Q: What were these humans from Dmanisi like?
A: They were about one and a half meters tall and were less developed
than Homo erectus. But more importantly, the lithic tools found at the
same excavation site prove that their technology was very primitive, Oldowayan,
just like African populations. They made simple tools that only required
a few operations - between one and five - to be made, whereas the tools
made using the Acheulian technology of Homo erectus demonstrate a familiarity
with the concept of symmetry and are much more sophisticated and complicated
to produce because they require between 20 and 25 operations.
Q: How did these first European settlers evolve?
A: That's a complicated question. There are many gaps in time between
Dmanisi and Atapuerca, where the most developed human fossils have been
found, but I believe that these lacunae will be filled in by new findings.
We can speculate as to whether there were many migrations or local changes,
but what is clear is that there were different waves of migration from
Africa to Europe and back, at least to the Near East. However, we have
very little information and in a way that's good because if we solve all
the problems, we palaeoanthropologists will be out of a job.

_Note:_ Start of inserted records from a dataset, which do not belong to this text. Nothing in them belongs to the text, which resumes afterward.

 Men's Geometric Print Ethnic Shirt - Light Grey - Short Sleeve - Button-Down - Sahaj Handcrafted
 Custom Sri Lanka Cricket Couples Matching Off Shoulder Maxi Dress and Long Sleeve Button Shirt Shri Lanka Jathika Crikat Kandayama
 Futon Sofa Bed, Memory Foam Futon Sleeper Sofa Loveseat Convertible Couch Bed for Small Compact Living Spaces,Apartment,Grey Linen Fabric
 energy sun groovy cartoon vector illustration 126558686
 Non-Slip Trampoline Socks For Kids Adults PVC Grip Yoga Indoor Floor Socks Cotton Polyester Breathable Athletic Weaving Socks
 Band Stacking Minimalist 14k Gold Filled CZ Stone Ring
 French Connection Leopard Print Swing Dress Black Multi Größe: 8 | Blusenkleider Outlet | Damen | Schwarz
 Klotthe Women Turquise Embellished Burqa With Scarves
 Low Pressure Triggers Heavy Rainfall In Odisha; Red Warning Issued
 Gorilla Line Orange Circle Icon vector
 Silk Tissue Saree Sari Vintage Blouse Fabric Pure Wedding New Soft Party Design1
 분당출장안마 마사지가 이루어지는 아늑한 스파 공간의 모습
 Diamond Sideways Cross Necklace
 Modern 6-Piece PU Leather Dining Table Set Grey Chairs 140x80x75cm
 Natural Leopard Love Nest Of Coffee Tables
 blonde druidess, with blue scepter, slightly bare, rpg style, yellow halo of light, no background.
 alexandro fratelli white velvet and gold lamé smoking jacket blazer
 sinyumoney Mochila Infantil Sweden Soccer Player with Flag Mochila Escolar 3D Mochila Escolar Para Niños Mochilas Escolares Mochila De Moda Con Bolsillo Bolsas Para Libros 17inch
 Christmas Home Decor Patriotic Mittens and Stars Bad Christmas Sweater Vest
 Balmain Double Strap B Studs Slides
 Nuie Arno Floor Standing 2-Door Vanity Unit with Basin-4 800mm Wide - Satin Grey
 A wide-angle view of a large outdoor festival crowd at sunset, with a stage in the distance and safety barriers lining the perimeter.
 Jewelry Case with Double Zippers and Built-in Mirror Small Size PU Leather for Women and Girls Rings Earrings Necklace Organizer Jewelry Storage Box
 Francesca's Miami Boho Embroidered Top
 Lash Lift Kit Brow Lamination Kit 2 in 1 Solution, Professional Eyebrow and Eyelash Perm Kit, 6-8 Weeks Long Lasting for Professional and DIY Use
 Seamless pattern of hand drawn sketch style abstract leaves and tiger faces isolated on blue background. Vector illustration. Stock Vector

Q: Why does it seem that the world of palaeoanthropology has so many
stars and controversies?
A: That is more a question of media hype than reality because in the end
what counts is what is published in specialized journals. What I have
noticed is that human evolution is becoming more popular. Science ranked
the Dmanisi remains the third-most important discovery of the year. Prehistory
is also becoming more and more interdisciplinary. It is becoming a science
in which it is difficult to determine where geology ends and palaeontology
begins, and that's a good thing, especially for young researchers, because
they have the chance to learn much more.